“Nos hemos manejado siempre más por la lógica de la exclusión que de la verdadera integración, más allá de todas las proclamas retóricas en sentido contrario”, dice María Rosa Lojo, doctora en Letras por la Universidad de Buenos Aires e investigadora principal del Conicet.
“A fines de 2001 y comienzos de 2002 todos sentíamos la inminencia de una posible disolución de la Argentina como país. Ahora vivimos una tregua. Pero en la medida en que la brecha social se ahonde y que el sistema político no se sanee, ese desastre puede repetirse”, advierte.
Nacida en 1954, casada y madre de tres hijos, Lojo es conferencista y profesora visitante en universidades argentinas y extranjeras, y coordinadora de proyectos de investigación de nivel internacional. Su inclinación por la literatura surgió como compensación por un profundo sentimiento de desarraigo, de exilio y extrañamiento, no propio, sino de sus padres, españoles, pero que ella, irremediablemente, heredó. Por eso, sus libros remiten siempre, por lo menos, a dos mundos: a los expatriados, inmigrantes, desterrados y nómades que cruzaron sus vidas en nuestro país.

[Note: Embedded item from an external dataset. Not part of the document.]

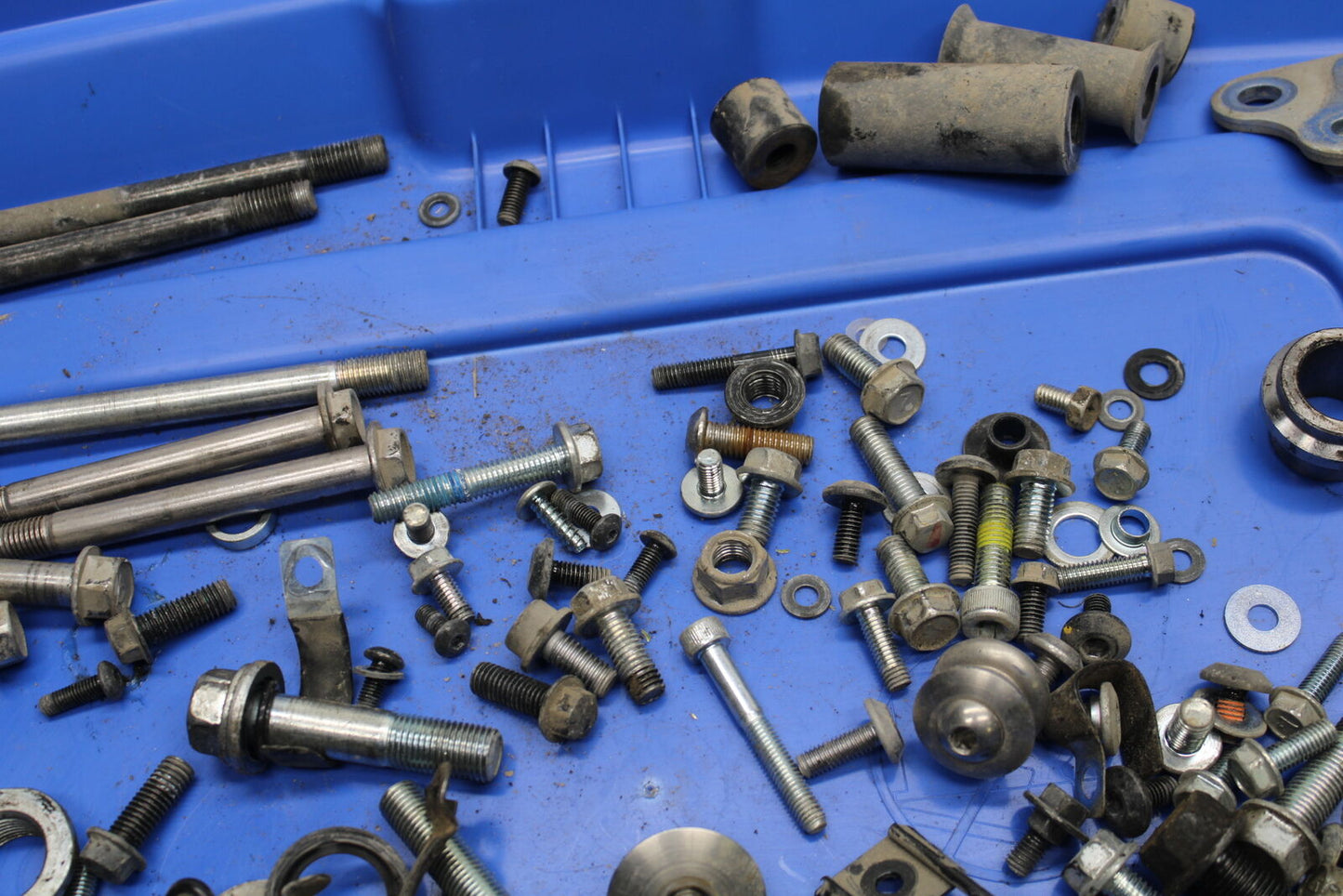 16-17 KAWASAKI VULCAN S 650 EN650 ABS MOUNTING BOLTS HARDWARE BB731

Textos como “La princesa federal”, “Una mujer de fin de siglo”, “Historias ocultas en la Recoleta”, “Amores insólitos de nuestra historia», «Las libres del sur» y «Finisterre» dan cuenta de esa preocupación, así como de su vocación por transformar la historia en creación.
En el campo de la investigación académica, su obra se centra en el deseo de conocer y recuperar nuestro pasado y nuestra memoria, así como los resortes que han fallado en la construcción de la Argentina como nación. Ha publicado más de un centenar de trabajos en revistas especializadas y en libros en colaboración.
-¿Cómo fue el proceso de construcción de la argentinidad, que usted analiza y refleja en sus obras? ¿En qué ideas se basó?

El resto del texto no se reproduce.